Denn neben ihrem Haus mündet die Alte Haager Straße in die Hauptstraße. Diese ist abschüssig. "Und immer wenn es schneit, läuft das Schmelzwasser herunter", erklärt sie. Hinzukommt, dass die Hauptstraße eine Landesstraße ist, die von vielen Pendlern genutzt wird. Entsprechend oft fährt der Räumdienst bei Schnee an ihrem Haus vorbei. Beides zusammen wird für Smolik zum Problem: "Vor dem Haus gibt es nur einen Ablaufschacht - und der wird zugeschoben", erklärt die Seniorin. Das Wasser könne nicht mehr abfließen und auf der Straße würde sich eine bis zu fünf Meter lange Pfütze bilden. Die Autofahrer fahren hindurch und das Spritzwasser landet an ihrem Haus, "auf dem Sandstein und an den Holzfenstern", wie sie betont. Und wenn die 72-Jährige nach nebenan blickt und die Kirche sieht, die auch das Spritzwasser abbekommt, denkt sie: "Das sieht ganz furchtbar aus."

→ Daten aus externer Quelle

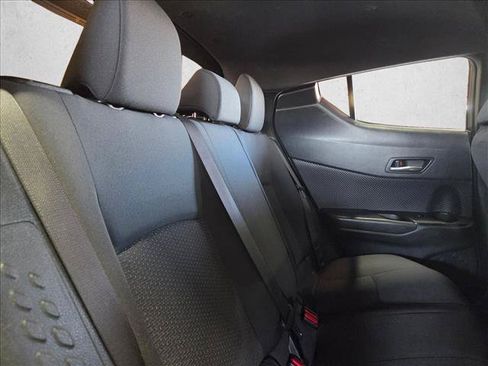 Used 2018 Toyota C-HR XLE FWD image 17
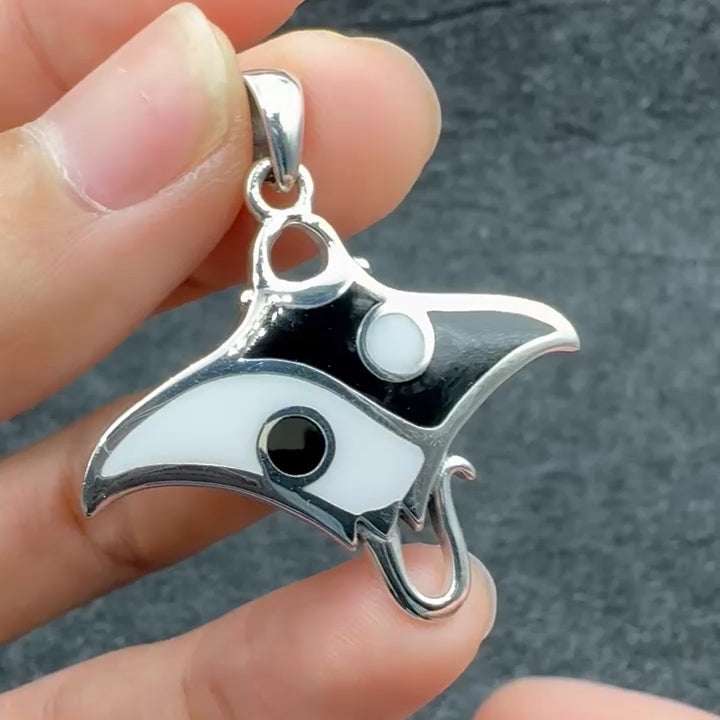 The Manta Ray with Yin Yang Symbol Silver Pendant TPD6075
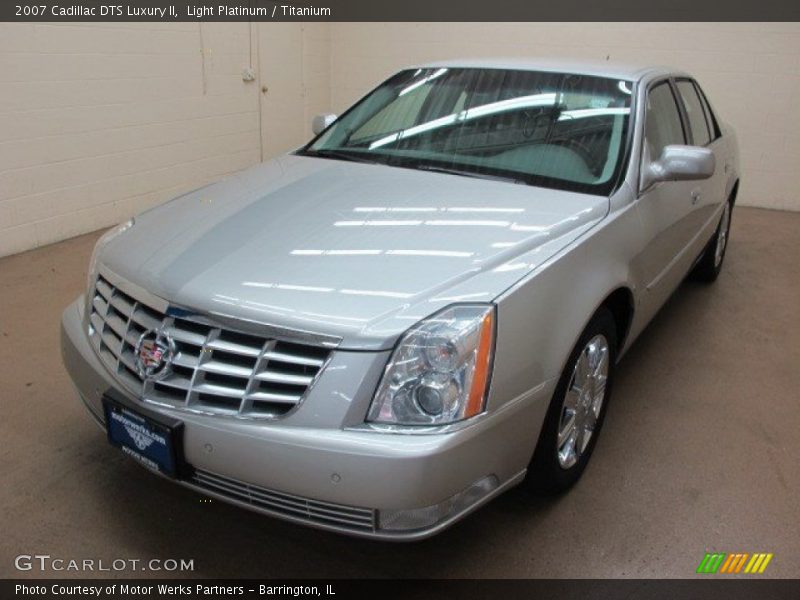 Light Platinum / Titanium 2007 Cadillac DTS Luxury II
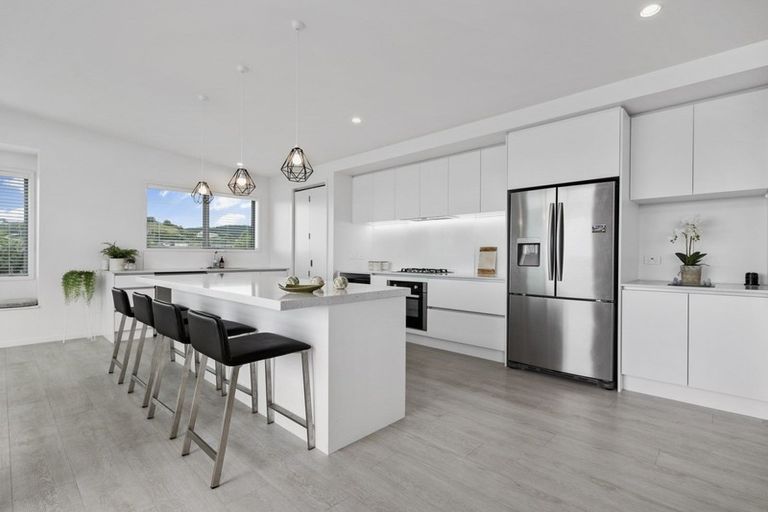 Photo of property in 72 Waikite Road, Welcome Bay, Tauranga, 3112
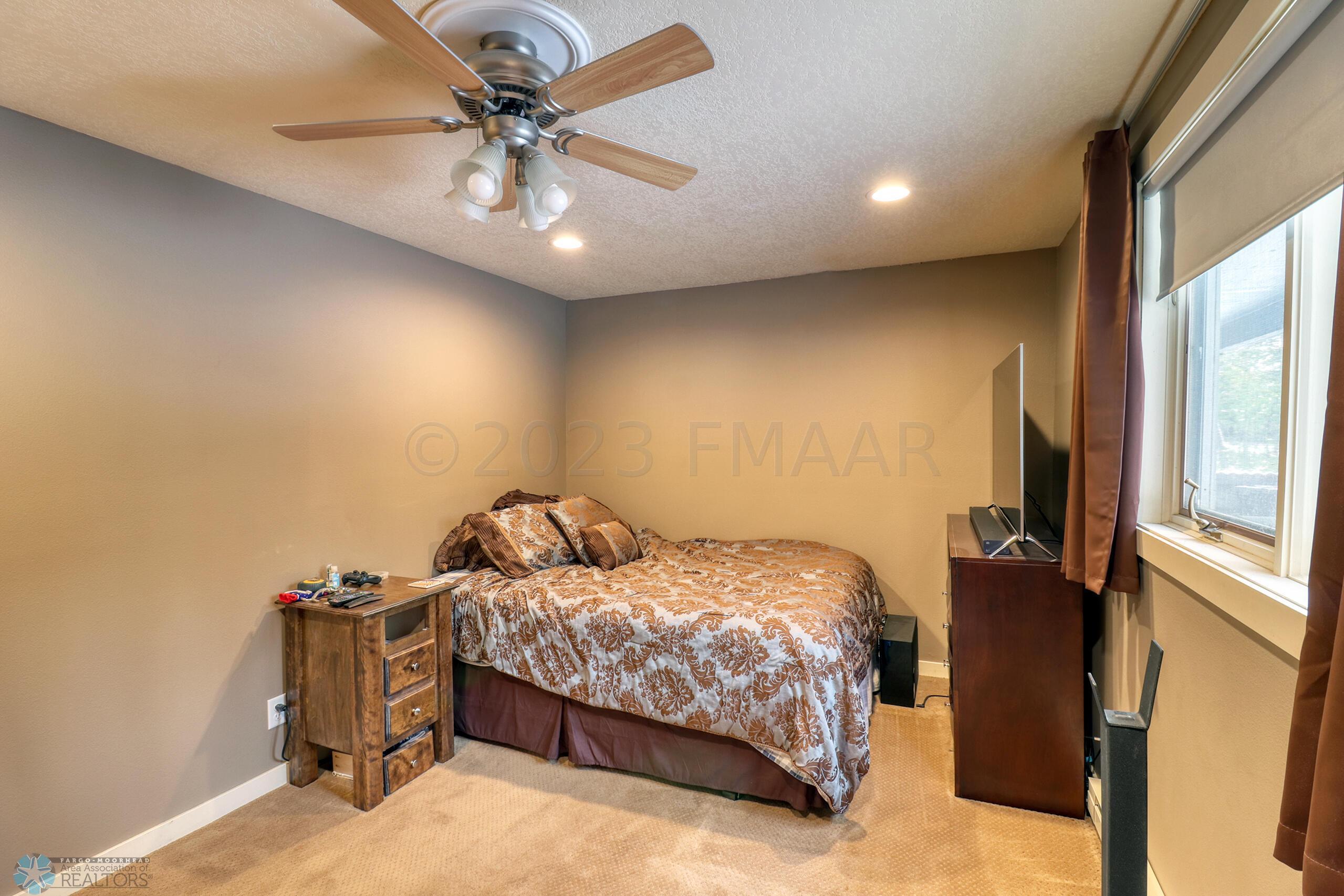 Basement Bedroom2_1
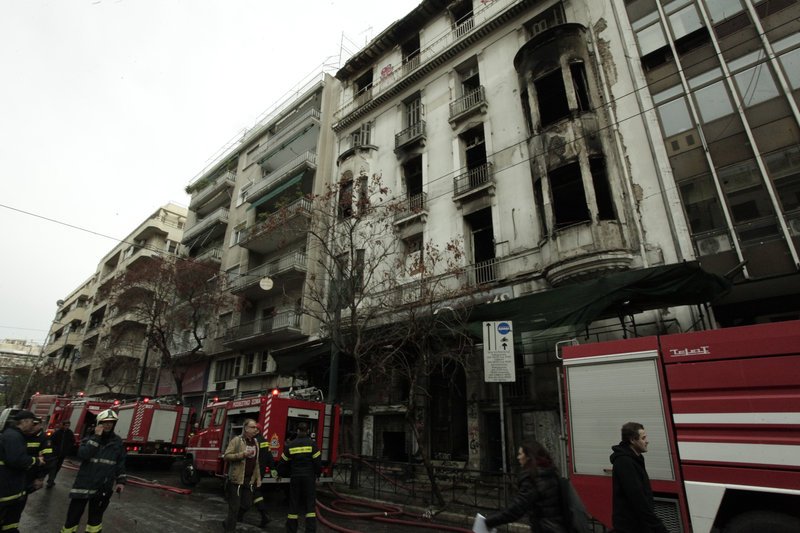 Μεγάλη φωτιά ξέσπασε σε ακατοίκητο νεοκλασικό κτίριο στην Πατησίων -Εκκενώθηκε διπλανή πολυκατοικία [εικόνες]  | iefimerida.gr 2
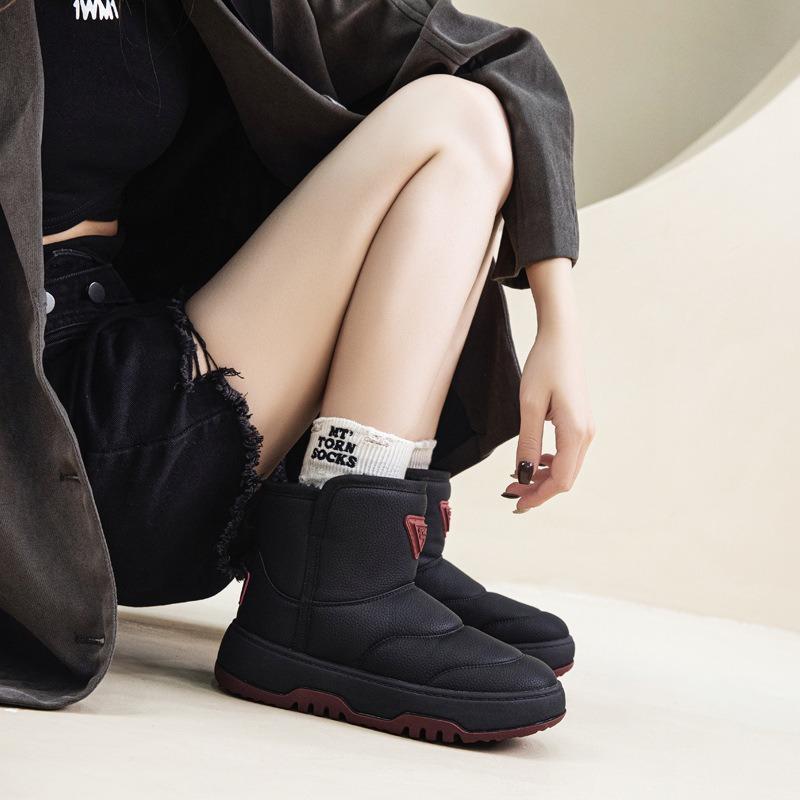 Winter New Thickened Warm Waterproof Non-slip Snow Cotton Short Boots Large Cotton Shoes Women's Platform Bread Shoes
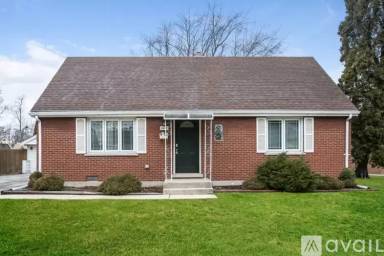 Main picture of 8443 Lockwood Ave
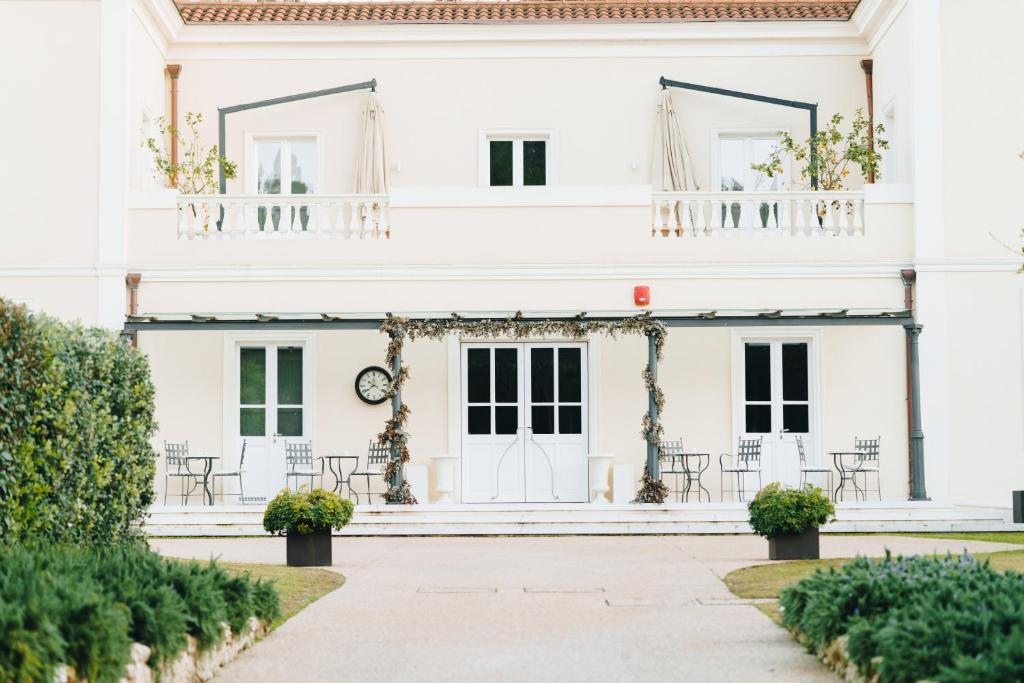 Villa Fanny - gevel van de villa met terras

Und um genau das zu verhindern, geht sie an den kalt-nassen Tagen ständig nach draußen. Mit dem Besenstiel stochert sie dann den Schacht frei und schiebt mit dem Schaumstoff am anderen Besenende das angestaute Wasser in den Kanal. Trotz aufgestelltem Warndreieck am Straßenrand bekommt sie jedes Mal Schneematsch von den Autofahrern ab.

"Ich versuche doch nur, mein Elternhaus in Ehren zu halten", sagt sie. "Es ist eine mühselige Angelegenheit." Würde sie nicht stochern und schieben, dann "müsste sie das ganze Haus einpacken", ist sich Smolik sicher. So stellt sie "nur" ein Holzbrett vor den Sandsteinsockel und eine Plastikplatte vor die Holzfenster.

Seit Jahrzenten geht das so. Nicht nur bei Schnee. Bei starkem Regen staut sich das Wasser ebenfalls vor ihrem Haus. Und seit Jahrzehnten klagt sie den Behörden ihr Leid (siehe Artikel rechts). "Doch da wird der Schwarze Peter nur von einem zum anderen geschoben", berichtet sie. Die Gemeinde würde sich nicht zuständig fühlen, da die Hauptstraße eine Landesstraße sei. "Dabei hat die Gemeinde doch eine Fürsorgepflicht", so die alleinstehende Seniorin. Beim Rhein-Neckar-Kreis würde sie nicht ernst genommen und abgewimmelt werden.

Als vor einigen Jahren die Straßendecke erneuert wurde, wurde sie ebenfalls vorstellig. Denn ihr Problem könnte ganz einfach behoben werden, glaubt sie. Und zwar mit einem längeren Abflussschacht. Diese Idee unterbreitete sie einem Mitarbeiter vom Straßenbauamt, der extra zu ihr gekommen war. Er versprach, die Situation im Auge zu behalten. "Aber da stand er schon kurz vorm Ruhestand", fand Smolik später heraus, als sie den Beamten nicht mehr erreichen konnte.

Und so stochert sie den Schacht weiter bei Schnee frei und deckt Teile ihres Hauses ab.